- [Task to complete] Reproduce all the lines below exactly and omit the images.

((

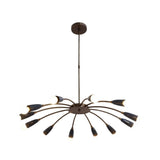 Mykonos 12 light curved arm Sputnik chandelier illuminated in an elegant living room with warm ambient lighting.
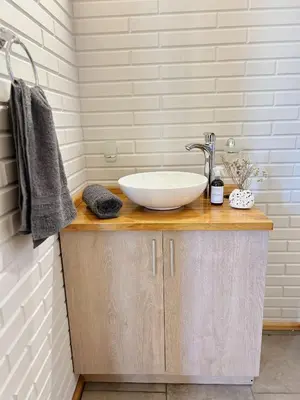 a bathroom with a bowl sink on a counter at Cabañas Amapolas Los Reartes in Los Reartes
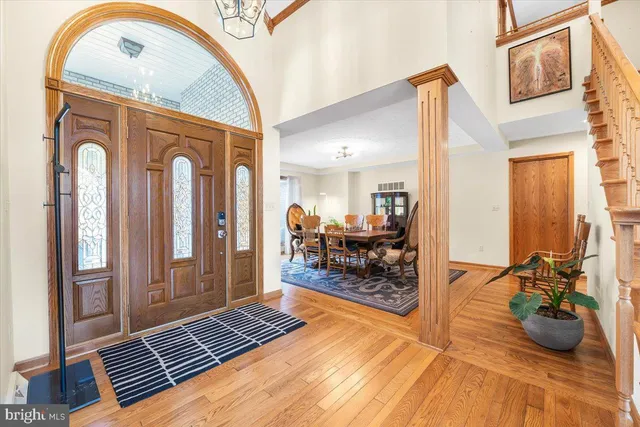 a living room with furniture fireplace and a large window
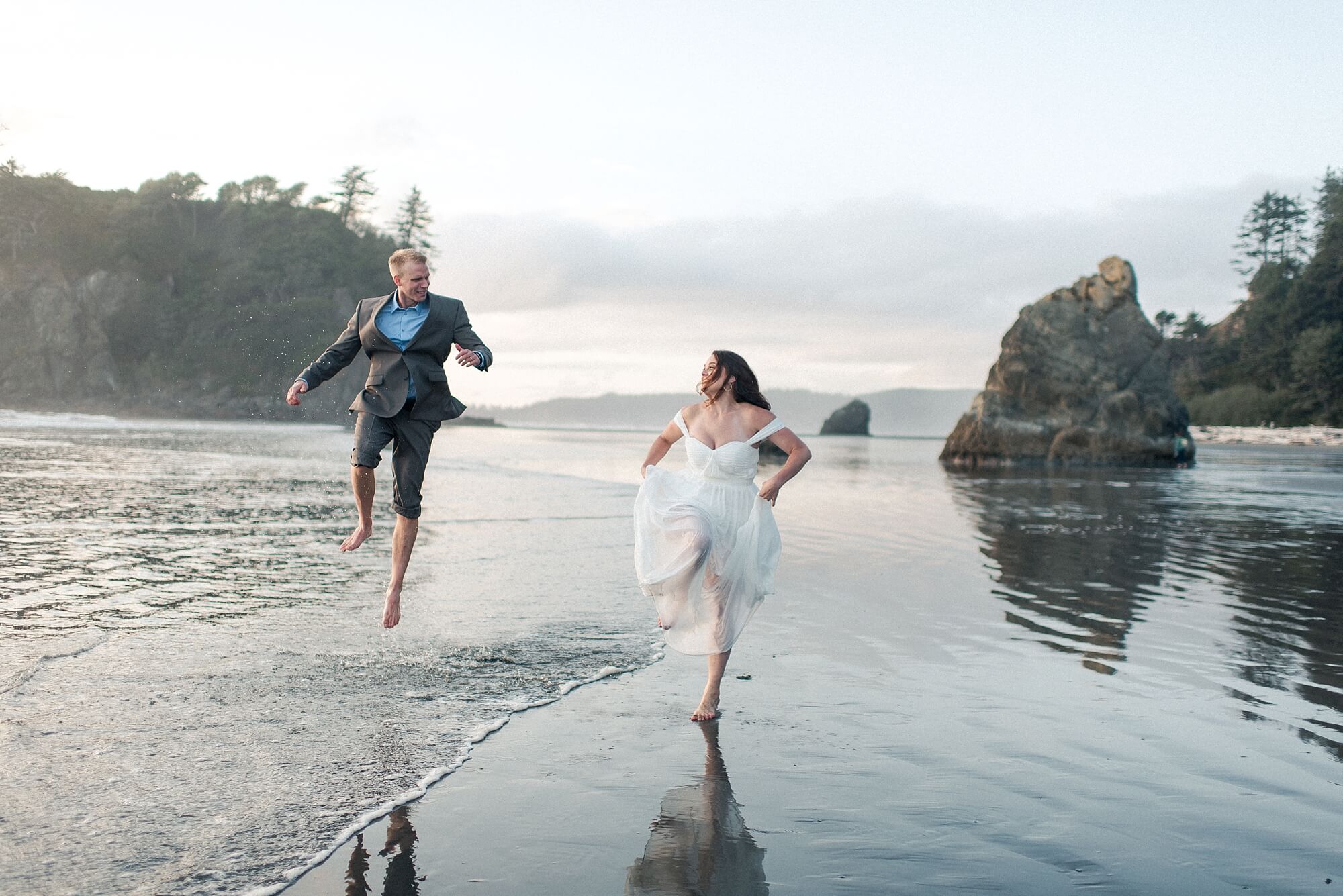 Ruby-Beach-bride and groom jumping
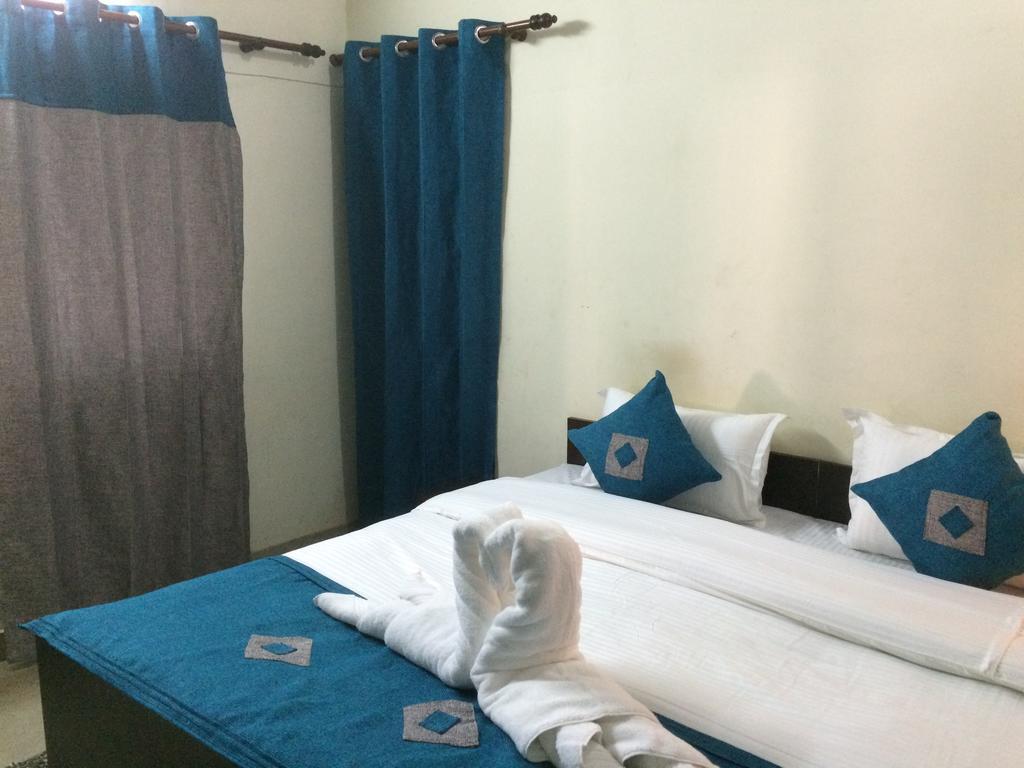 Hotel Sukhsadan Деградун Номер фото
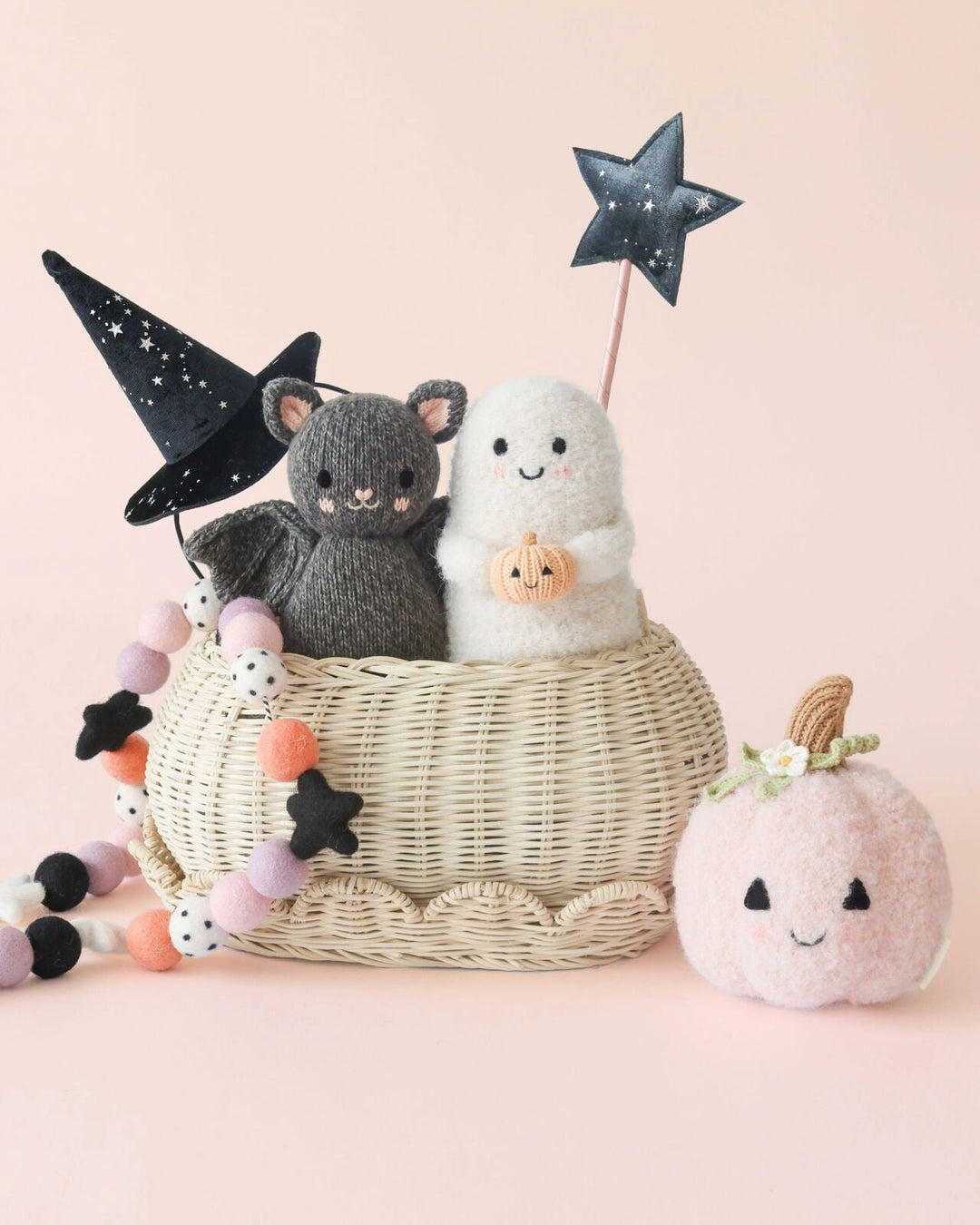 Baby Ghost with Pumpkin styled in a Halloween basket with a knit bat and pastel pumpkin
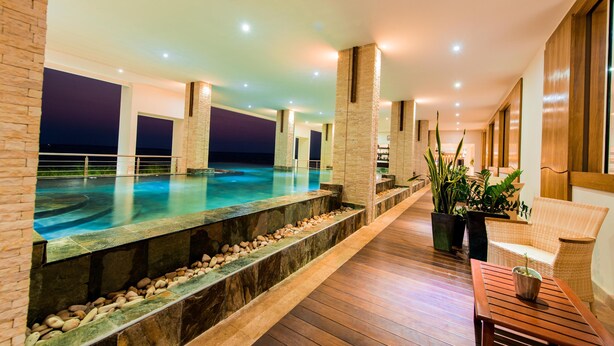 Área de piscina interior moderna con vista al cielo nocturno, suelo de madera y asientos con plantas en macetas.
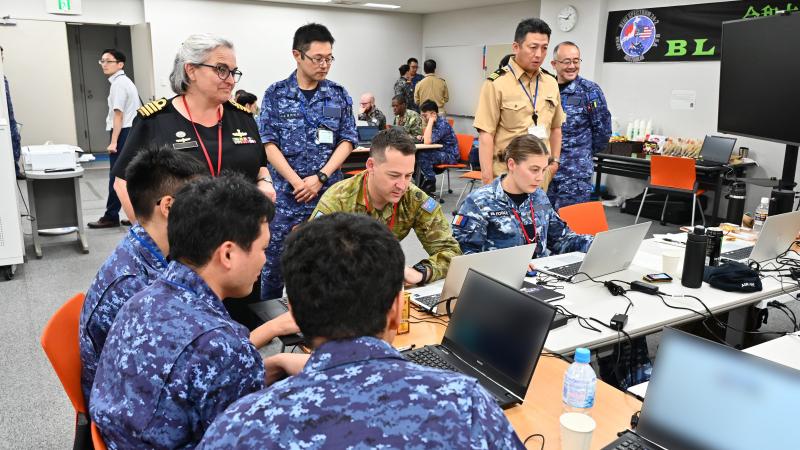 Captain Gordon observing team 3 with Leading Aircraftman Shumack 
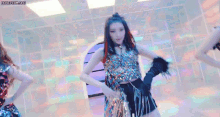 a group of girls are dancing in a room with blue lights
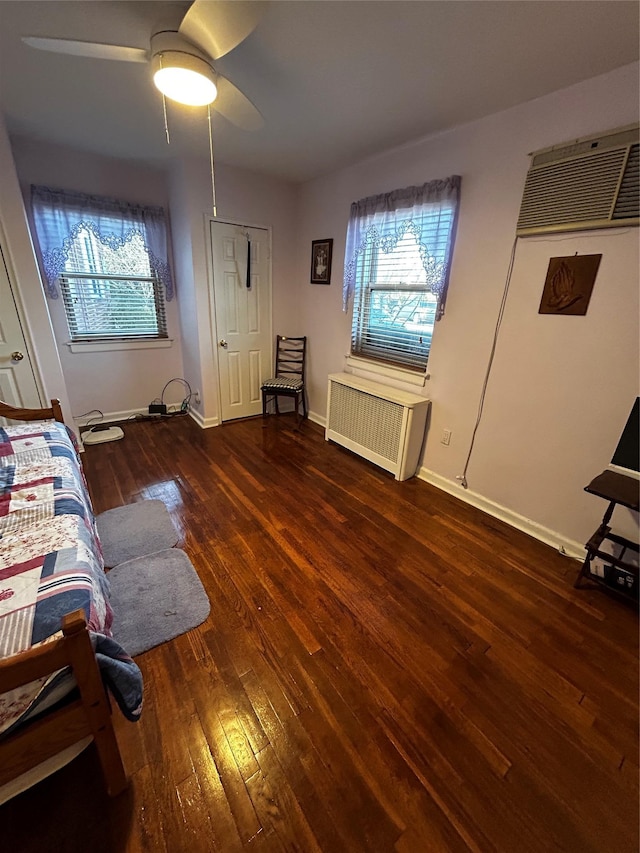 interior space featuring multiple windows, ceiling fan, radiator heating unit, and dark hardwood / wood-style flooring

))

- [Answer for this exercise]
 Mykonos 12 light curved arm Sputnik chandelier illuminated in an elegant living room with warm ambient lighting.
 a bathroom with a bowl sink on a counter at Cabañas Amapolas Los Reartes in Los Reartes
 a living room with furniture fireplace and a large window
 Ruby-Beach-bride and groom jumping
 Hotel Sukhsadan Деградун Номер фото
 Baby Ghost with Pumpkin styled in a Halloween basket with a knit bat and pastel pumpkin
 Área de piscina interior moderna con vista al cielo nocturno, suelo de madera y asientos con plantas en macetas.
 Captain Gordon observing team 3 with Leading Aircraftman Shumack 
 a group of girls are dancing in a room with blue lights
 interior space featuring multiple windows, ceiling fan, radiator heating unit, and dark hardwood / wood-style flooring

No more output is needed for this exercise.